The Republican platform unveiled last week notes in passing that “the Constitution assigns the federal government no role in local education.” Yet the same document offers opinions on all manner of local educational issues, including the virtues of phonics, the evils of sex education, the wisdom of merit pay for teachers and the folly of social promotion.
That contradiction illustrates the hollowness of the Republican commitment to “constrain the federal government to its legitimate constitutional functions.” The Republicans (like the Democrats) respect the Constitution only when it’s convenient.
You might say that’s old news. Yet while campaigning for president in 1980, Ronald Reagan promised to abolish the Department of Education. So did Bob Dole in 1996. After two terms of a Republican president who proudly charged in the opposite direction, the most John McCain can muster is a promise to “identify and eliminate ineffective programs” - that is, to make unconstitutional activities more efficient.

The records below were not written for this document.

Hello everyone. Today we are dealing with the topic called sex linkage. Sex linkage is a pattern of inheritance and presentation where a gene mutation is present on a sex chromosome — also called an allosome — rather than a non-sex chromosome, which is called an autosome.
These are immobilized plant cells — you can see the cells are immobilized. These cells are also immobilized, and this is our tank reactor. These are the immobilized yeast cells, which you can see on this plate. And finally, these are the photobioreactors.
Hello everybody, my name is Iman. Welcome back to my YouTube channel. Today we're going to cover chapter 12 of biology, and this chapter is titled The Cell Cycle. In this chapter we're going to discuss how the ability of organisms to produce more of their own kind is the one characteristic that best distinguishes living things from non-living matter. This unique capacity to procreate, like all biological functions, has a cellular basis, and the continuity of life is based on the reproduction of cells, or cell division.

Although the Education Department is still with us, by threatening to eliminate it, Mr. Reagan and like-minded Republicans signaled they understood some matters are beyond the purview of the federal government. It’s hard to find evidence of that understanding in the GOP’s current platform.
In 1887, Grover Cleveland, a Democrat, vetoed a bill allocating $10,000 to help drought-stricken farmers in Texas, saying, “I can find no warrant for such an appropriation in the Constitution.” Nowadays the Republican Party takes for granted the propriety of both “a natural disaster insurance policy” and an “economic safety net for farmers.”

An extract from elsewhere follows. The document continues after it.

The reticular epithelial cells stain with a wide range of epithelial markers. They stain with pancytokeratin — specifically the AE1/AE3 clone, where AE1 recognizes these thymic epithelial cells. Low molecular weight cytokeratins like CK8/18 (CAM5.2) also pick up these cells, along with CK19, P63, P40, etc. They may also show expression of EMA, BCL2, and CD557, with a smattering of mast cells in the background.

Likewise, the Republican platform does not question the legitimacy of the federal government’s enormous entitlement programs, saying only they should be “reformed” and “modernized.” Regarding Social Security, Mr. McCain does not go even as far as George W. Bush, who proposed letting Americans shift some of their payroll taxes to private accounts. By contrast, the current platform calls for “personal investment accounts, which are distinct from and supplemental to” the existing system of intergenerational income redistribution.
Far from shrinking the federal government, the Republicans want to enlarge it, providing “aid to those hurt by the housing crisis,” solving “the energy crisis” (undeterred by the Carteresque connotations of that phrase), “expanding access to higher education,” seeking “a major expansion of support” for certain kinds of stem cell research, even “returning Americans to the moon as a step toward a mission to Mars.” The platform does not explain how these initiatives qualify as “legitimate constitutional functions.”
The Republicans are committed to “continuing the fight against illegal drugs,” even though that fight, unlike alcohol prohibition, was never authorized by a constitutional amendment. They want to impose national bans on gay marriage, human cloning, assisted suicide and online gambling, even while declaring “Congress must respect the limits imposed by the 10th Amendment,” which reserves to the states or the people “the powers not delegated to the United States by the Constitution.” Despite their eagerness to trample individual freedom in all these areas, Republicans claim, “the other party wants more government control over people’s lives,” but “Republicans do not.”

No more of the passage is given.